EXERCISE AIM »
The exercise calls for the lines from the one containing "But right when" to the end of the data below to be output exactly, pictures excluded.

THE RECORDS »
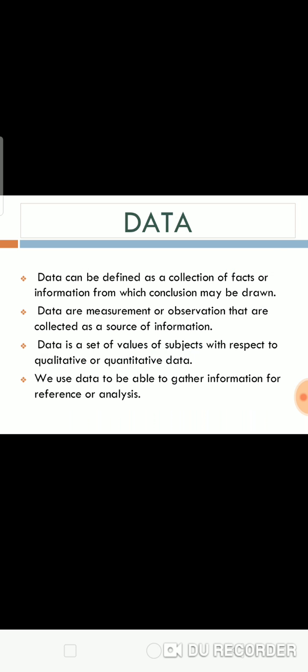First of all, I would like to explain data. Here I have mentioned four definitions of data. Data can be defined as a collection of facts or information from which conclusions may be drawn. Data are measurements or observations that are collected as a source of information. Data is a set of values of subjects with respect to qualitative or quantitative data. We use data to be able to gather information for reference or analysis.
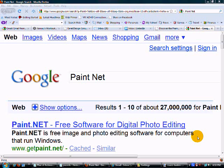Photoshop runs about $600, $700, or $800 depending on where you buy it — quite pricey for most people. They also have Photoshop Express, which has many nice features, but that is usually about $100 as well.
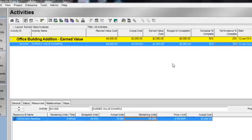Stay tuned for the next video, which is going to go into more detail regarding performance percent complete. Thank you.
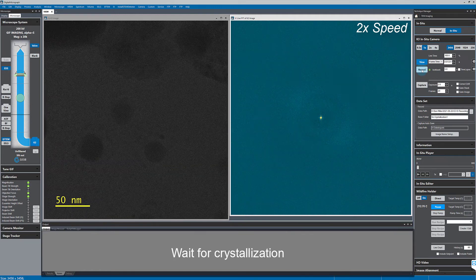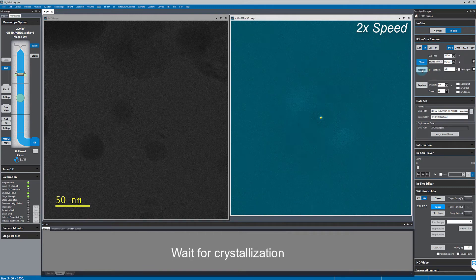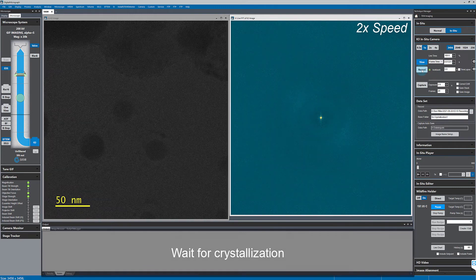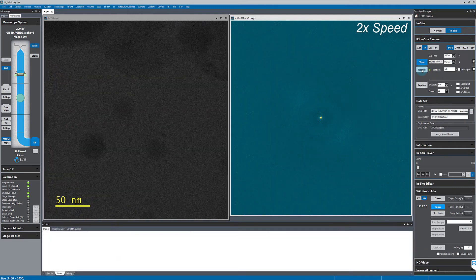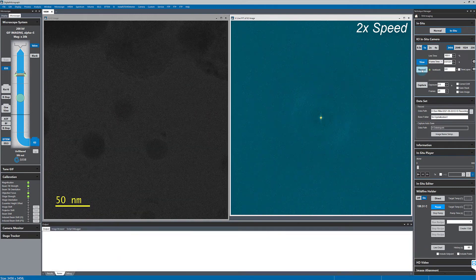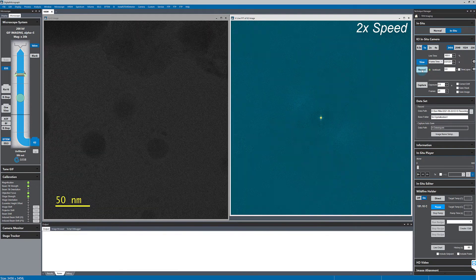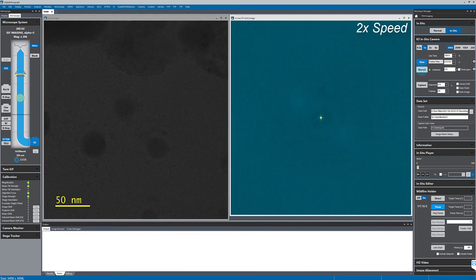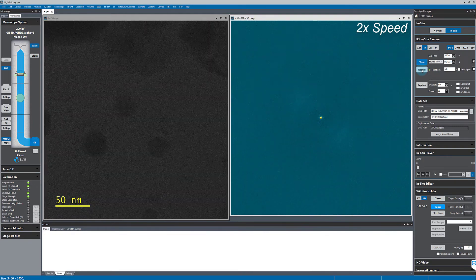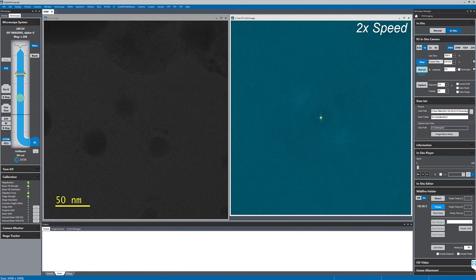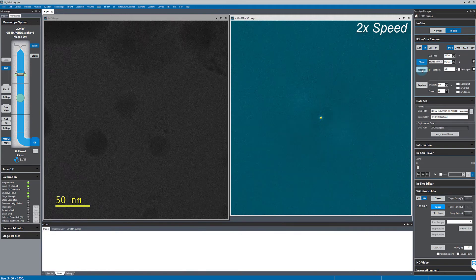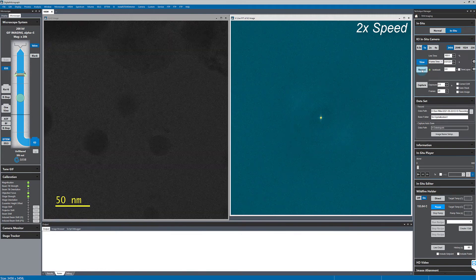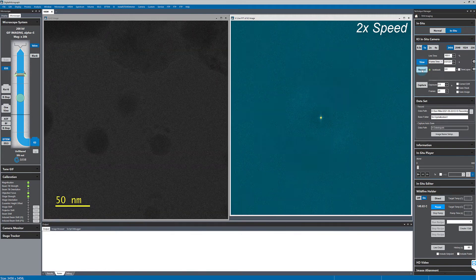But right when the tin crystallizes, I'm going to hit record. And because we have a look back buffer of five seconds, even though I pressed record after the crystallization happened, we'll still capture that moment of crystallization in the data set.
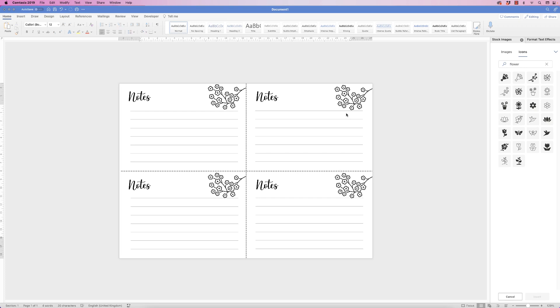Hi, and in today's tutorial I'm going to show you how you can make these note look cards in Word, but also how to create these cutting lines.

REPLY »
But right when the tin crystallizes, I'm going to hit record. And because we have a look back buffer of five seconds, even though I pressed record after the crystallization happened, we'll still capture that moment of crystallization in the data set.
Hi, and in today's tutorial I'm going to show you how you can make these note look cards in Word, but also how to create these cutting lines.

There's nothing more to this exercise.